Dużo by pisać, a wiele osób o to pyta.
Ogólnie ludzie w porządku, personel w sumie okey, terapeutka fajna, dobrze się z nią dogaduję.
Aktualnie 'rządzę' na oddziale
Wiem, że jęcze jak nie wiem co, ale od tego jest ten temat.
Przez 5 dni myślałam o nim, ale w kategoriach "czy nic mu sie nie stało" czyli w miare spokojnie było.
ale dziś się odezwał. i myślę o tym że mam ochotę go przytulić, i pocałować. I że jakby tu przyjechał to bym głupio się czuła to robiąc.
[Dodane po edycji:]
Taa, mój kumpel stwierdził że ciągnie mnie do takich przez ojca alkoholika. Ale bez kitu! Do takich mnie ciągnie!

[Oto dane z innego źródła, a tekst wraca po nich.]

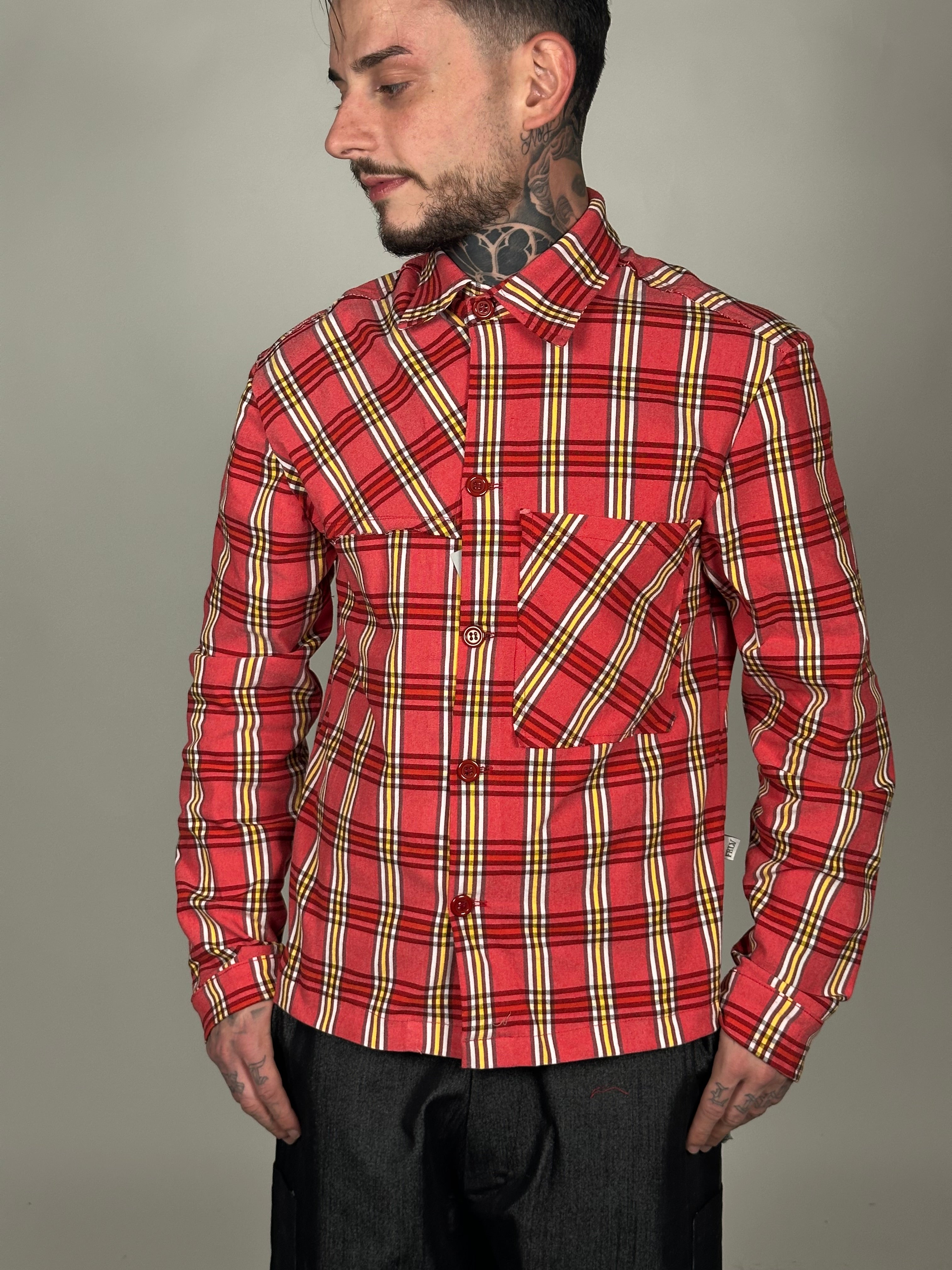 CAMICIA TEXAS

KURWA MAĆ czemu ja tak się tak martwie o pewnego chłopaka. Doprowadza mnie to do szału, tym bardziej że robi coś a obiecał że nie będzie tego robił. Niby dla mnie też marihuana to nie narkotyk, ale kurwa zawsze coś.
[Dodane po edycji:]
Czemu zakochuje sie zawsze w eeeee.... 'złych' chłopcach (idiotycznie to brzmi) i czemu nie potrafię o nich zapomnieć. Szczególnie o nim.